Part of the reason that statistics have become such a big part of baseball is that there is some growing discomfort–call it post-modern unease–that perhaps the greatest of the greats were propped up by myths and folklore, stories of charisma instead of the hard data of performance on the field. Often human judgment and other superstitions were deployed in the place of statistical correlations, and out of this subjective stew came a list of the usual suspects: Ty Cobb, Babe Ruth, Warren Spahn, Ted Williams, Mickey Mantle–Mickey Mantle!–Willie Mays, Henry Aaron, Ichiro Suzuki, and a small number of other familiar names. If we could get our hands on the right measurements, we would assess baseball greatness differently, and the legendary heroes of yesteryear would be shown to be just that, legends.
For many decades the standard measure of a ballplayer’s impact was batting average. No one really disputes the value of this metric; what is in dispute is whether it tells the entire story. A .300 hitter is, well, a .300 hitter, someone who reliably manages to hit his way on base almost a third of the time, either driving in runs or putting himself in a position to score. Had the community stopped there, however, we would be stuck with the uncomfortable fact that no one had hit .400 in many decades (Ted Williams hit .406 in 1941), which could lead us to the unlikely but oddly satisfying myth that baseball players were better once upon a time. No, batting average tells a story, but it does not tell the entire story.

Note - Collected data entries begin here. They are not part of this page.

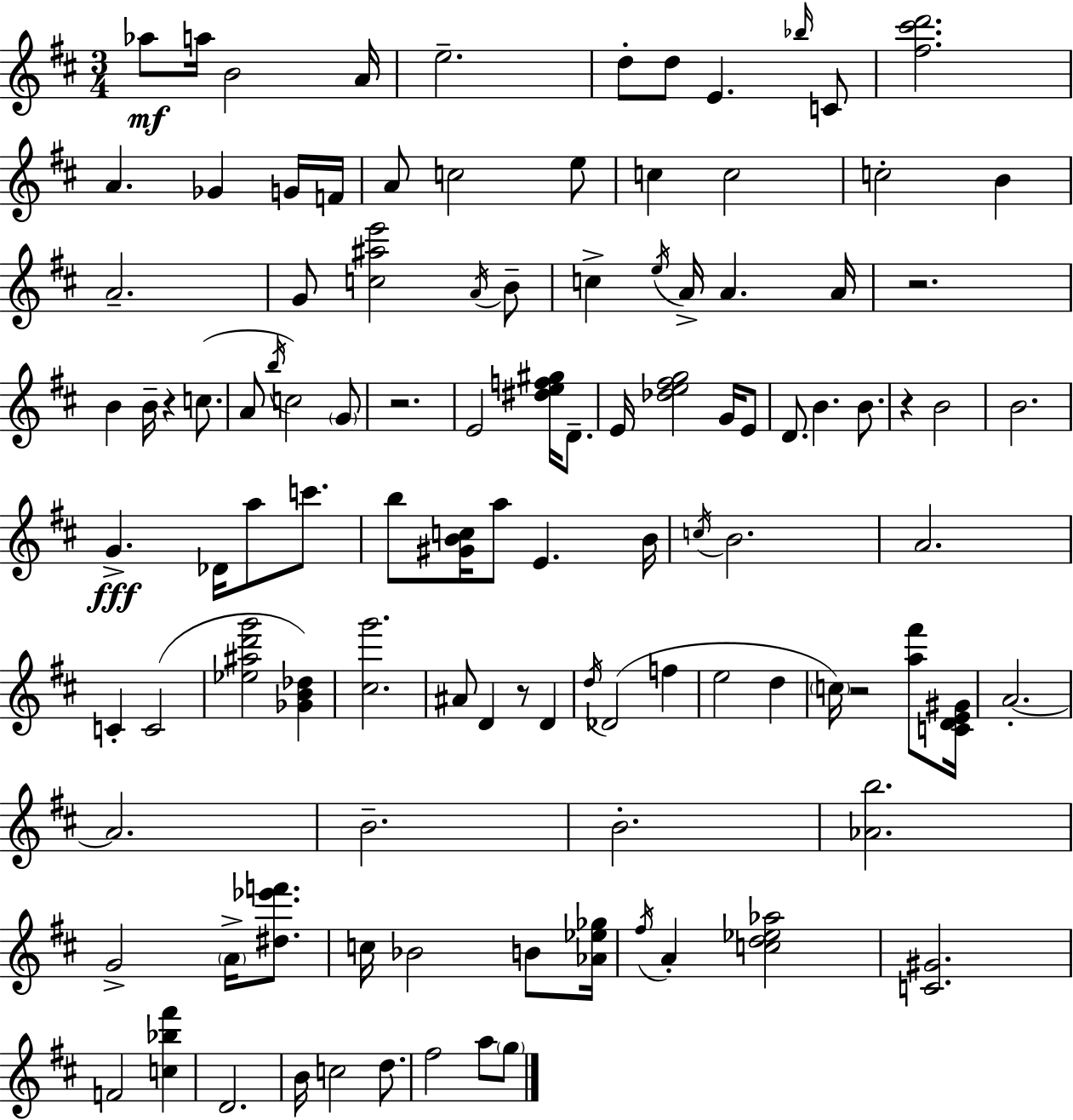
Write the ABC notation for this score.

X:1
T:Untitled
M:3/4
L:1/4
K:D
_a/2 a/4 B2 A/4 e2 d/2 d/2 E _b/4 C/2 [^f^c'd']2 A _G G/4 F/4 A/2 c2 e/2 c c2 c2 B A2 G/2 [c^ae']2 A/4 B/2 c e/4 A/4 A A/4 z2 B B/4 z c/2 A/2 b/4 c2 G/2 z2 E2 [^def^g]/4 D/2 E/4 [_de^fg]2 G/4 E/2 D/2 B B/2 z B2 B2 G _D/4 a/2 c'/2 b/2 [^GBc]/4 a/2 E B/4 c/4 B2 A2 C C2 [_e^ad'g']2 [_GB_d] [^cg']2 ^A/2 D z/2 D d/4 _D2 f e2 d c/4 z2 [a^f']/2 [CDE^G]/4 A2 A2 B2 B2 [_Ab]2 G2 A/4 [^d_e'f']/2 c/4 _B2 B/2 [_A_e_g]/4 ^f/4 A [cd_e_a]2 [C^G]2 F2 [c_b^f'] D2 B/4 c2 d/2 ^f2 a/2 g/2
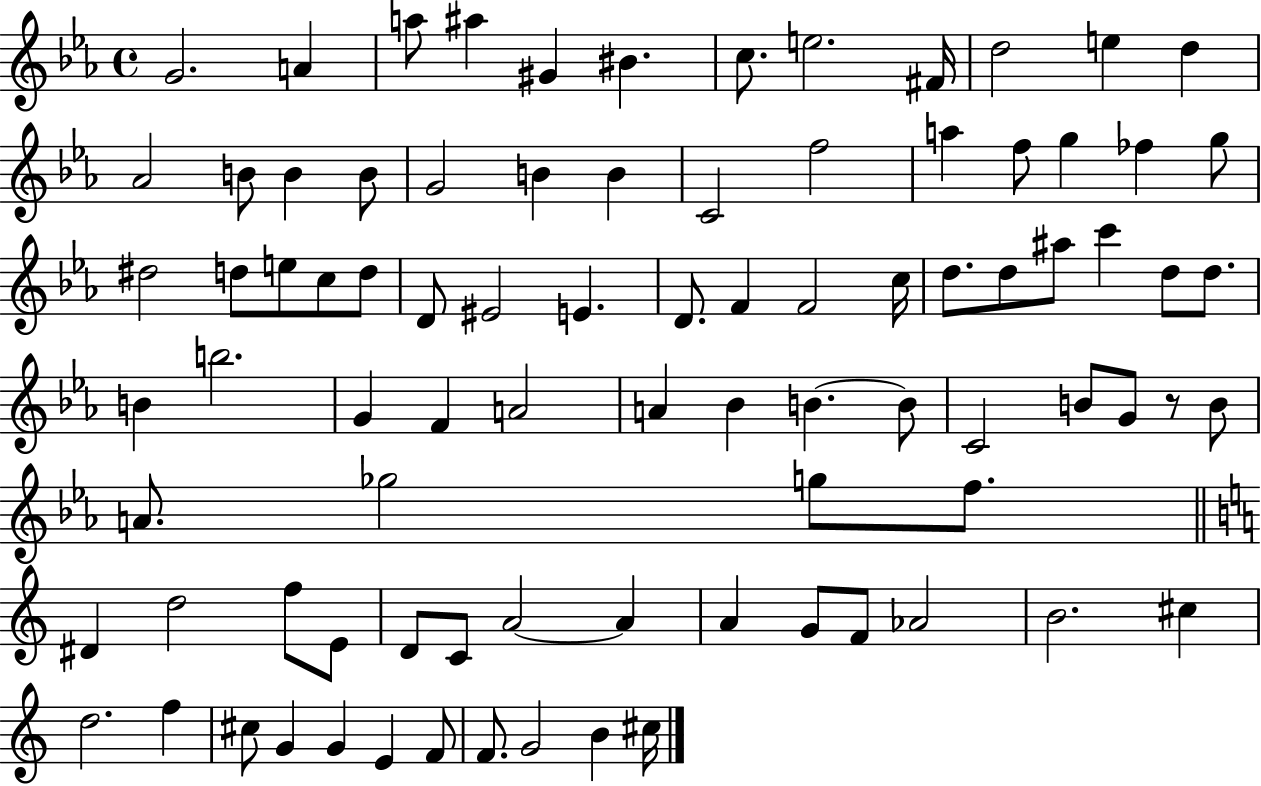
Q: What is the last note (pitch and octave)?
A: C#5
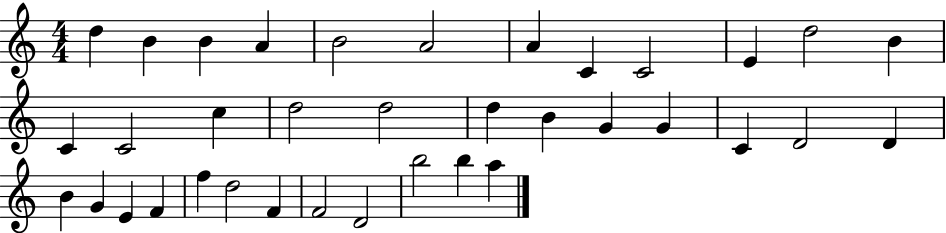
D5/q B4/q B4/q A4/q B4/h A4/h A4/q C4/q C4/h E4/q D5/h B4/q C4/q C4/h C5/q D5/h D5/h D5/q B4/q G4/q G4/q C4/q D4/h D4/q B4/q G4/q E4/q F4/q F5/q D5/h F4/q F4/h D4/h B5/h B5/q A5/q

To batting average we have to add other ways a player gets on base, which gets us to the on-base percentage, a measure that makes the true but unromantic point that a walk is as good as a base hit. But even there we know there is more: it’s not just a matter of getting on base but also of how many bases a player crosses. This then allows us to bring in the hard numbers for extra-base hits and home runs, through the slugging average. Suddenly someone like Mantle, who only (!) batted .298 over his career looms larger, as his impact is now lifted by the achievement of 536 lifetime home runs. We are comfortably in the world of altmetrics now, where we find ourselves measuring more things and establishing new sets of correlations.
To be the best player means living and playing in context; a batter hits not only against a pitcher but against a particular pitcher. To the remarkable record of Carl Yastrzemski or the now-dominant Miguel Cabrera, we have to factor in whether those performances would vary if pitted against a Bob Feller or Cy Young. It takes nothing away from Joe Dimaggio–or does it?–to say that he never had to bat against Mariano Rivera. So as we begin our analysis of Stan Musial, we must take each pitcher he faced into account; and from there we have to determine where that pitcher was in his career: the young fastballer? The canny veteran? And how much of the average for Pete Rose can be accounted for by looking at the weary efforts of players in the second half of a doubleheader?
This prompts an entirely new set of questions that have to be built into our model. It’s one thing to get a base hit, quite another to get a hit when someone is on base. How do we factor in the “clutch” factor? And what about the inning of a game when a batter successfully connects with the ball, the ability of a pitcher to strike someone out late in the game, the vexed question of games called on account of rain, and the moral ambiguity posed by switch hitters? Did a particular player steal a base on a full count or earlier in the at-bat, giving the batter more time to get a hit and drive the base runner home? It’s not enough to say that Jackie Robinson stole bases. We have to know when, how many, and at what time of day.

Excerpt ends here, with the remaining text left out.